More info #1: We expect mainly plain "word" like created PDFs with some images and some colored text elements/boxes. Full scanned pages are not expected in this process.
Upvotes: 2
Views: 2095
Reputation: 90213
See this answer for a Ghostscript-based tool:
It uses the new inkcov
device to determine the distribution of C (cyan), Y (yellow), M (magenta) and K (black) components (ink coverage) of each page. You'll need a Ghostscript version of 9.05 or newer.
Example command line:
gs -q -o - -sDEVICE=inkcov temp.pdf
0.00000 0.00000 0.00000 0.02230 CMYK OK
0.00000 0.00000 0.00000 0.02360 CMYK OK
0.00000 0.00000 0.00000 0.02525 CMYK OK
0.00000 0.00000 0.00000 0.01982 CMYK OK
Each page with zeros only for C, M and Y will be black/white only.
Upvotes: 1
Reputation: 5111
Probably the easiest way to do that is to use a tool to render the PDF to a set of images and then use a small program to determine if the colors used in those images are grayscale only or not.
The second step can be performed by loading each and every image and scanning the pixels.
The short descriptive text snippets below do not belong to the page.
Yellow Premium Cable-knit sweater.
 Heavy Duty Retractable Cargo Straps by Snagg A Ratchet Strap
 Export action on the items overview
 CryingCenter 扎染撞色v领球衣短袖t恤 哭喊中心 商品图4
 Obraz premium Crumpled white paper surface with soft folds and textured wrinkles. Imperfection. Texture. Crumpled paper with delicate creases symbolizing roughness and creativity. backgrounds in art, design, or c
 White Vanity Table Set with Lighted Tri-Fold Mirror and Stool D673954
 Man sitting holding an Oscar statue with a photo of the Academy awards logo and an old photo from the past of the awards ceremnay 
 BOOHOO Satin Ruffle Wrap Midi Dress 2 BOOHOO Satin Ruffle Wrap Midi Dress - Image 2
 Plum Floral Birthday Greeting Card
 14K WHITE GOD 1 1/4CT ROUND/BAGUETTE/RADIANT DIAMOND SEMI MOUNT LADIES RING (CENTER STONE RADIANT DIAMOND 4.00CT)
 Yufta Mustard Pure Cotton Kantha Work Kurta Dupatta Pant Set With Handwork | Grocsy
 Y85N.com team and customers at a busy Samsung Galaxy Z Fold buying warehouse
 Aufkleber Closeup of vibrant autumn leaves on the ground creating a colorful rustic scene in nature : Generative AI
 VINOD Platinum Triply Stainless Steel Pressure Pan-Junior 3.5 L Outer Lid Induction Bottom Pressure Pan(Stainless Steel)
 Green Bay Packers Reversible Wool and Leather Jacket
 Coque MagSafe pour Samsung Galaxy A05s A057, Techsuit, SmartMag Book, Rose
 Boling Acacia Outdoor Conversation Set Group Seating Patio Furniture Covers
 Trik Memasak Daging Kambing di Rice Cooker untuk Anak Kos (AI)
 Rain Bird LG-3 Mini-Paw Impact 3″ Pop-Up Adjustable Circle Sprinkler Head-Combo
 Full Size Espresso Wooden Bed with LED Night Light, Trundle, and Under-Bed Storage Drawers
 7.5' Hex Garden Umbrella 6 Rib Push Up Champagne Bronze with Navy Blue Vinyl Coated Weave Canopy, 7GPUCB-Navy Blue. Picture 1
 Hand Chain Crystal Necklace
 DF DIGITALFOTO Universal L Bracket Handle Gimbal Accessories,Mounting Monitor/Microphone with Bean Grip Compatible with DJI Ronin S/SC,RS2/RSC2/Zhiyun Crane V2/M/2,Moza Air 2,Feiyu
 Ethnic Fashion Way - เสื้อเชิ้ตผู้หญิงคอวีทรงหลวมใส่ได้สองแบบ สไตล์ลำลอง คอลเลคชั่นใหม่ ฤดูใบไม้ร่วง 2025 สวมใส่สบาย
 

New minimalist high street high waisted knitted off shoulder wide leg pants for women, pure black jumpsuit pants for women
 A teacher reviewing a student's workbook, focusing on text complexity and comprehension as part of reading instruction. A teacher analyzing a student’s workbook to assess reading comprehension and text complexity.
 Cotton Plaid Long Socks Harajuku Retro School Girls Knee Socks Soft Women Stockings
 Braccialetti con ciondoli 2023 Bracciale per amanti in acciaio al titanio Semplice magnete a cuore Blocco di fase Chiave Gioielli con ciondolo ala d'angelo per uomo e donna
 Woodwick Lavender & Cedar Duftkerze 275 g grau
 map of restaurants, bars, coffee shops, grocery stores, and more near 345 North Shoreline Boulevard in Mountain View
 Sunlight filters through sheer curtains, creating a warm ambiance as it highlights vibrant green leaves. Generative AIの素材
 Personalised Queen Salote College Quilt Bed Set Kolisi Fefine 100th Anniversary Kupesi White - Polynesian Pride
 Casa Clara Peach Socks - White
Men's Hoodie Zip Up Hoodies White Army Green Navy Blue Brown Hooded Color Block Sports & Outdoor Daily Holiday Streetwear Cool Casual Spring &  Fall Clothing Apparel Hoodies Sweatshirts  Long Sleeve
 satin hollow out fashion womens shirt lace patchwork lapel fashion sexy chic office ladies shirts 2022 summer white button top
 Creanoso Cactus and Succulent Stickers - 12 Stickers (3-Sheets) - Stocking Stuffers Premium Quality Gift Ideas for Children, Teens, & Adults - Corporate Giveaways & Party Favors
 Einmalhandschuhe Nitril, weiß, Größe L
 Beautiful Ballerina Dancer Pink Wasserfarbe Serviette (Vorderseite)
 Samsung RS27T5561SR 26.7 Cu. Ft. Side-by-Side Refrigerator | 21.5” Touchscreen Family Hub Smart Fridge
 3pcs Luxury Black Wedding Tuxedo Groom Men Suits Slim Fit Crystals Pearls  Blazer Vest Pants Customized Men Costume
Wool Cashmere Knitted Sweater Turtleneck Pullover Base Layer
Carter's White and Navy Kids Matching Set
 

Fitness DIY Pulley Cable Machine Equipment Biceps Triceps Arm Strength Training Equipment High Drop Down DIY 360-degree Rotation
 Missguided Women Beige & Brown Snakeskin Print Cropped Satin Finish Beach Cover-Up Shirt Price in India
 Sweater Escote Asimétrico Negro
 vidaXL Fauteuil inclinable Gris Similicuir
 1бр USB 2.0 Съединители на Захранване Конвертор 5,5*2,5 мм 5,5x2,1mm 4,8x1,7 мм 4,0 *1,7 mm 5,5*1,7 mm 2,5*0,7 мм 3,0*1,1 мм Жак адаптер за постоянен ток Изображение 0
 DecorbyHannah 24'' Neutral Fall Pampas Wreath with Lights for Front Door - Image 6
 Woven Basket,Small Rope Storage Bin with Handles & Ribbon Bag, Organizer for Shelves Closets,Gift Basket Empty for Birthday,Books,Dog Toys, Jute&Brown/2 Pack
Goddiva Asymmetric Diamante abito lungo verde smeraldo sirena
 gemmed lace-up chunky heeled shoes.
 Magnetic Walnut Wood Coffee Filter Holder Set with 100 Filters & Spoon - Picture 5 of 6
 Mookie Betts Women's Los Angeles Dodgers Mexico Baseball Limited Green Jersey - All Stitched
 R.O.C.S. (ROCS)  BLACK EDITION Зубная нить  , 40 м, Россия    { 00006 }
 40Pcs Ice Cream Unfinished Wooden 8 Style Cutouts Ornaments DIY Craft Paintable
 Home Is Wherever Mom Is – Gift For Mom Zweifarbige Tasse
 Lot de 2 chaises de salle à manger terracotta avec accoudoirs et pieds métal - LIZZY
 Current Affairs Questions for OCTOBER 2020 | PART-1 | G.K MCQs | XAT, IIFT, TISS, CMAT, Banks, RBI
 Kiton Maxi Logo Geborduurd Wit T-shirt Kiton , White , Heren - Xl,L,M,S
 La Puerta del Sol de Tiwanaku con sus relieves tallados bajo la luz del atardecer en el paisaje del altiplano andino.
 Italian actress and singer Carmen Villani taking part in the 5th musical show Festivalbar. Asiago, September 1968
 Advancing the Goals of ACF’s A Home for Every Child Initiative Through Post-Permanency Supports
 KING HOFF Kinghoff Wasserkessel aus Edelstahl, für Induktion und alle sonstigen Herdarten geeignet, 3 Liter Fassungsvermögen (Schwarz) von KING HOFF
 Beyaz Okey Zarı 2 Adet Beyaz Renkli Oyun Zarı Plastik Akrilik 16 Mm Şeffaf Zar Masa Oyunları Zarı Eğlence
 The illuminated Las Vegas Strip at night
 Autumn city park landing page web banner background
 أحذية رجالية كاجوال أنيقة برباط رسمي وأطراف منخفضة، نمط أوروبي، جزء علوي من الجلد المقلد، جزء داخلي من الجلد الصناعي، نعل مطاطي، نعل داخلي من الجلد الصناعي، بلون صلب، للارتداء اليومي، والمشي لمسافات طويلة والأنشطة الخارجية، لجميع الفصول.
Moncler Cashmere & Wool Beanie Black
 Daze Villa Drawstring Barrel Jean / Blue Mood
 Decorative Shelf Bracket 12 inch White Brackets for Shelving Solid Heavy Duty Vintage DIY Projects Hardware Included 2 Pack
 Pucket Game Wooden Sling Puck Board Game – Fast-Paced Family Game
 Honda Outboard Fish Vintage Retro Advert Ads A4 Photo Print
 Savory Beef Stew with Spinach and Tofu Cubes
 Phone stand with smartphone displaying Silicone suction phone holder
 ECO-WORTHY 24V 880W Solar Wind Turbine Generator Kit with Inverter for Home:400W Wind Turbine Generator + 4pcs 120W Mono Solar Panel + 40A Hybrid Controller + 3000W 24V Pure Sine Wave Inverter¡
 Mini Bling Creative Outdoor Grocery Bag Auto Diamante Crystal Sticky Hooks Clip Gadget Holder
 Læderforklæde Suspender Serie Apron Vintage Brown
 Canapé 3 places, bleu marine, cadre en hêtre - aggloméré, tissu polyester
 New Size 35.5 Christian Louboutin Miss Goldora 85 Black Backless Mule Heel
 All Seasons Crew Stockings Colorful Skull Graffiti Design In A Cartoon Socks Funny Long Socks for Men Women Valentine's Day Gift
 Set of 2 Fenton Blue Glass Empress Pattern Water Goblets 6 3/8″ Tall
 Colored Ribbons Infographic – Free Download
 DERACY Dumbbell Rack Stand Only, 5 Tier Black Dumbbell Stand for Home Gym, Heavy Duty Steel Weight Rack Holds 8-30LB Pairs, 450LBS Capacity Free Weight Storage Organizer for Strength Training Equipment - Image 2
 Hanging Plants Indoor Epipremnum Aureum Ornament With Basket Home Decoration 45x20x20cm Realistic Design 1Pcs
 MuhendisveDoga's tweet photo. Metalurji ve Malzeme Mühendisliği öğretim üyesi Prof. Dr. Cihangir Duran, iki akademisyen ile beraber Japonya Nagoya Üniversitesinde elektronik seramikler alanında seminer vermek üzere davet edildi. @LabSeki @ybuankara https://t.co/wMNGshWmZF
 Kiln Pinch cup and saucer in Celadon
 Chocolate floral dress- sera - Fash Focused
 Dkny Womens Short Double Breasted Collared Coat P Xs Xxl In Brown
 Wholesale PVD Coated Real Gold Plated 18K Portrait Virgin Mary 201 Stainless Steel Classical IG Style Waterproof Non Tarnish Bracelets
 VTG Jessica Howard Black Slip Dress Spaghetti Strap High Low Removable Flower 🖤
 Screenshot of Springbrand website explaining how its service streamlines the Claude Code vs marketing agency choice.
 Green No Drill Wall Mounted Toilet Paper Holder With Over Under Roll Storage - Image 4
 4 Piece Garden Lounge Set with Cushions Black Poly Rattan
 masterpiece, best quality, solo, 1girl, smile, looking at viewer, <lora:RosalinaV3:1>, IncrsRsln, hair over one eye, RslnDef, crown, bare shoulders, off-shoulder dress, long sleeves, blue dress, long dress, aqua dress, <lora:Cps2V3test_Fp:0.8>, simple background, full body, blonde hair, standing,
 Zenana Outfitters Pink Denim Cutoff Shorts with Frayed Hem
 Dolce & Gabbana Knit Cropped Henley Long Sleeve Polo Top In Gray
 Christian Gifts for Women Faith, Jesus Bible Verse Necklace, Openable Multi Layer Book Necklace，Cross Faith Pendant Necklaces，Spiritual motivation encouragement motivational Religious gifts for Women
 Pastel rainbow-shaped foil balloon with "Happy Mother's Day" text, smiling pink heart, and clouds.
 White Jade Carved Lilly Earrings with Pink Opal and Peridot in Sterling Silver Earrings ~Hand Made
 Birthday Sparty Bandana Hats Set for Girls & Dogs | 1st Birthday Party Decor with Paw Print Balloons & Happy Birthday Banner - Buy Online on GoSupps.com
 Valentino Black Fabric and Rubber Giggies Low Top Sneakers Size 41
For scanned pages: determining if something is grayscale is not trivial since you need to consider the whitepoint, blackpoint for each page and possibly lighting coloring of edges etc etc. I once created a tool te determine if something is just text or b/w lineart by obtaining the the 2D historgram of Abs( R- G ) and Abs( R - B ), plotting a straight line and check if that line and the regression constant where within some predefined ranges.
Upvotes: 0